The progression from the Op.1 of 1942 and the Op.32 String Quartet No.5 of 1950-2 is marked. The work was revised in 1995 but the liner does not make clear the scale of the revision. However Conway notes that Salzedo believed it to be one of his finest works and he describes it as "one of the composer's most wide-ranging and deeply personal utterances." Even at a first listen this comes across as a very powerful and impressive work. Again concision is key and the initial music unfurls from a simple unison cell. The difference is the confident handling of this material and the expressive range Salzedo achieves. Conway notes how Salzedo uses the full gamut of string techniques but these serve the music rather being simply 'effects'. Likewise his melodic lines are markedly sinuous and feature many quarter tone 'bends' into notes all of which are played with great aplomb especially by leader Ann Hooley. The Archaeus Quartet are very good at projecting the sinewy muscularity of these scores - I did occasionally wonder whether this could be juxtaposed with passages where they did allow their collective sound to sweeten and the sinew could become more sultry and sensual.

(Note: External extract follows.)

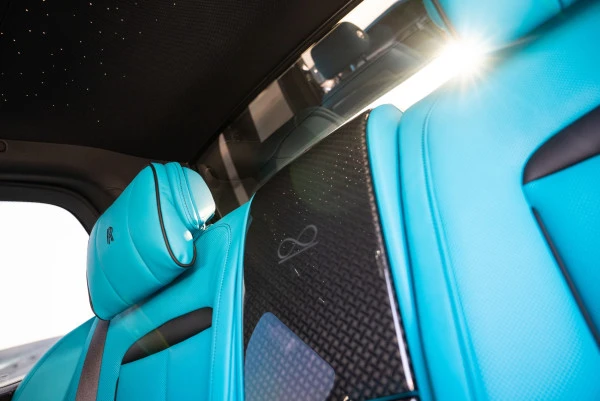  Grey Rolls Royce Cullinan Photo 10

The piece itself is written in two movements, each one of which is divided into distinct sub-sections. The expressive range across this sub twenty-five minute work is remarkable and all the more so for the way Salzedo coheres the music together. Conway points out the way Salzedo uses dance rhythms allied to melodies of a distinctly middle-eastern/Sephardic flavour which alongside an improvisatory character gives the music a quite unique style. The final five minutes of the quartet build a climax a wonderfully frenzied climax with stamping bass rhythms supporting an ever-more frenetic wild dance in the first violin before one final gesture of dismissal. This really is a very fine quartet played with exactly the requisite fervour. Certainly its relative neglect is unfathomable and if you respond to similar works by Frankel, Leighton or Daniel Jones this demands to be heard. Salzedo's musical language is tonally centred but using high levels of dissonance and also sourcing elements of other cultures that is probably more common today than it was at the time of its writing.

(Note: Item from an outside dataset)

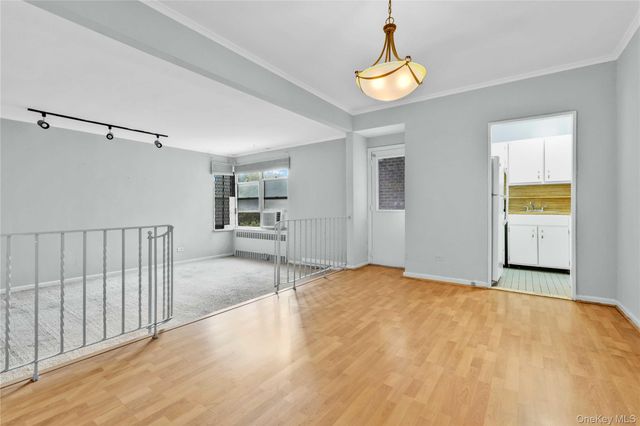 67-38 108th Street B52, Forest Hills, NY 11375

For his final essay in the genre Salzedo returned to a single movement form for his 10th String Quartet. The musical language and the rhythmic energy are very similar to the 5th proving that the composer's energy and dynamic style was undimmed although the works were written over forty years apart. The quartet was written in 1997, the year Salzedo gave up composing through increasing ill-health - it carries the opus 140 of the total of 143 - but this is no work tinged by intimations of mortality. The compositional technique is ever more refined but in fact the momentum and thrust of the work is what impresses from the opening perpetuum mobile - a hint of Shostakovich out of Ginastera perhaps - through to the closing pages of high energy dissonance. To quote Conway once more; "the bravura closing bars are a fittingly triumphant and celebratory conclusion to one of the most individual and searching string quartet cycles in twentieth-century British music". That strikes me as exactly right. Again the Archaeus Quartet provide a performance of searing commitment.

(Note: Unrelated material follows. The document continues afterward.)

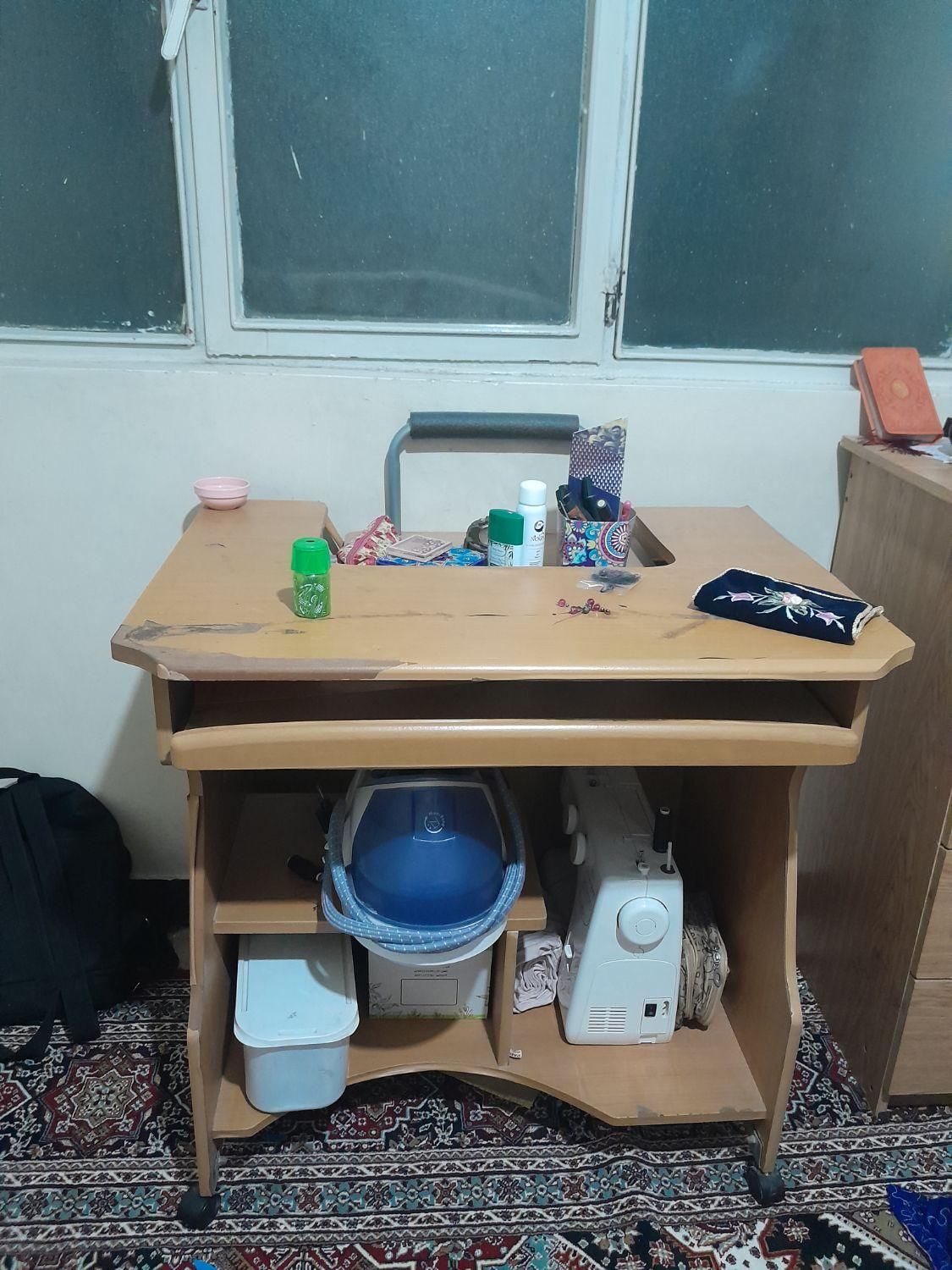 میز کامپیوتر محکم جمع وجور وجادار|میز تحریر و کامپیوتر|تهران, بریانک|دیوار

Indeed, commitment is very much the watchword of this entire disc - it is clearly a labour of love. The label is producer Mike Purton's own, the liner is beautifully produced; well-illustrated as well as informative and printed on high quality paper. Purton contributes a personal note making clear his own friendship with Salzedo which goes back over many years. Both for the quality of the music it promotes and the excellence of the technical and musical presentation this disc deserves every success. Also mentioned in the liner is the work and support of The Leonard Salzedo Society. I hope very much that this disc will be the first of many more to showcase the brilliance of one of Britain's most underrated but individual composers.